• [What the exercise asks]: Having located the line with "Mature businessman reading", print it and each remaining line exactly, stopping at the end of the material and omitting pictures.
Data for this exercise section start
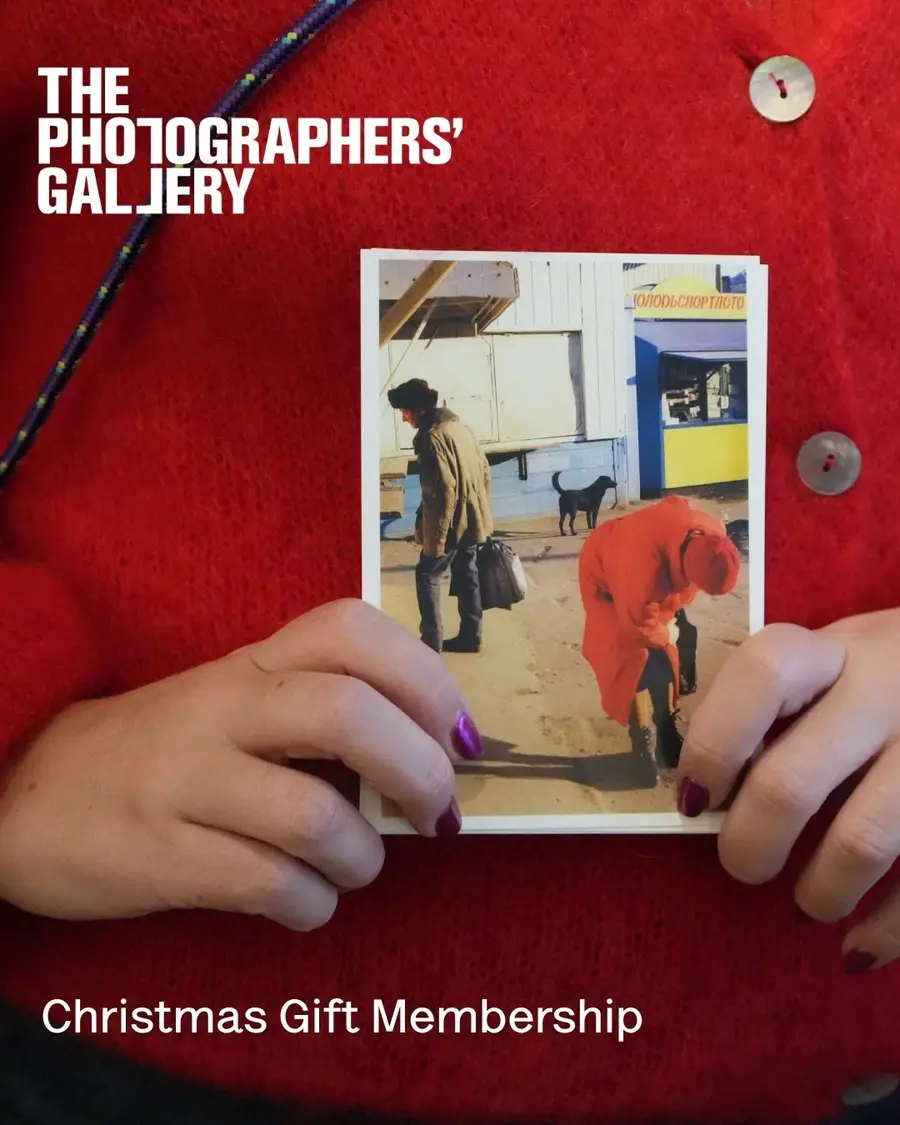 A close up of hands holding a postcard.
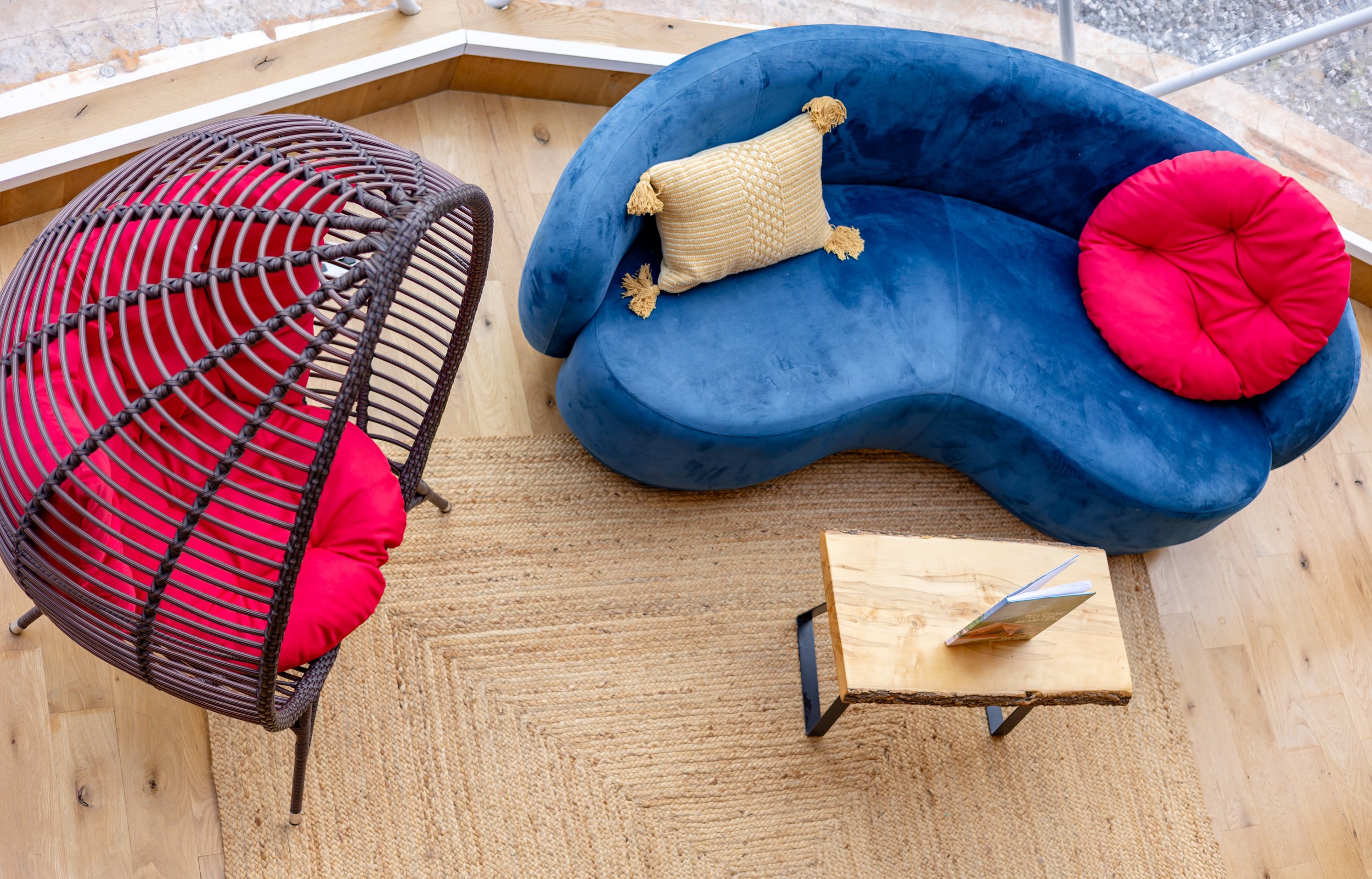 Indoor seating area with a curved blue velvet sofa, a wooden coffee table with a book, a wicker chair with a pink cushion, and a woven beige rug.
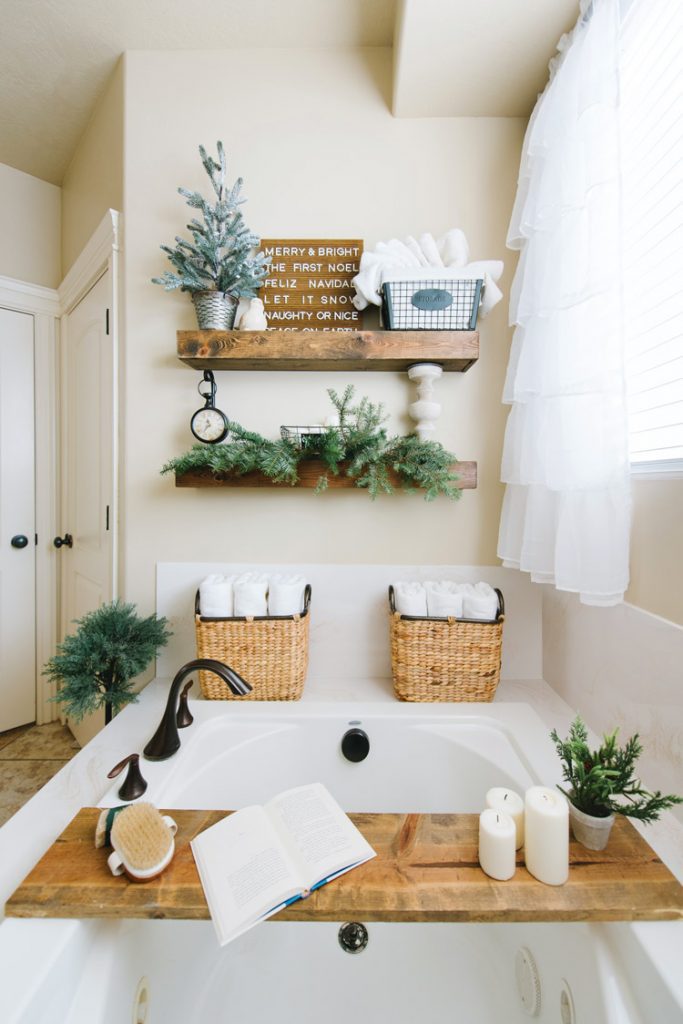 Two floating shelves above one side of the bath tub with greenery and decorative storage containers.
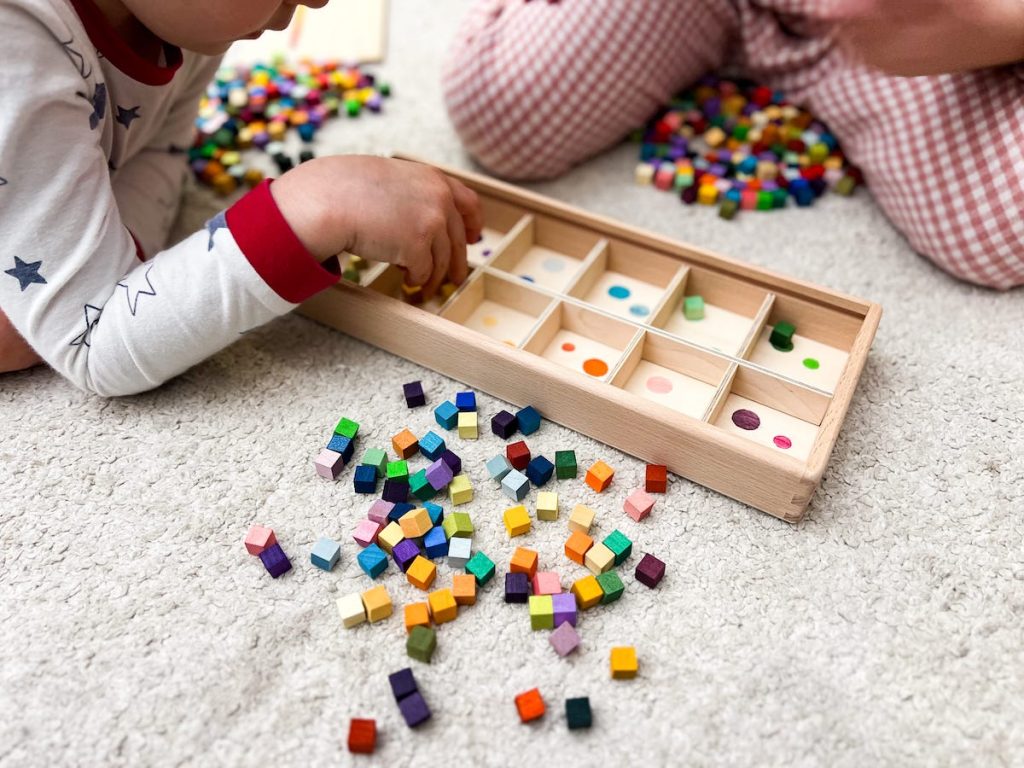 siblings color sorting the mis&match cubes into the sorting box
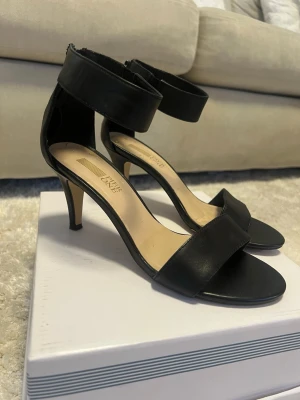 Svarta pumps från Pier one - Stilrena svarta pumps från Pier one med öppen tå, smal klack och breda remmar över foten och runt ankeln. Skorna har en elegant siluett och är tillverkade i ett slätt material som ger en klassisk look.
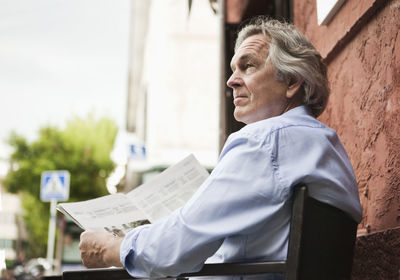 Mature businessman reading newspaper outdoors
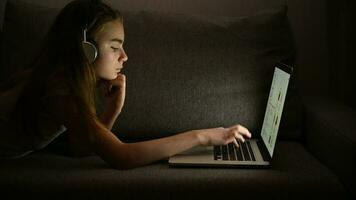 menina com fones de ouvido e dela computador relaxante em alguns cama video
Data for this exercise section end
• [Output for this exercise]:
 Mature businessman reading newspaper outdoors
 menina com fones de ouvido e dela computador relaxante em alguns cama video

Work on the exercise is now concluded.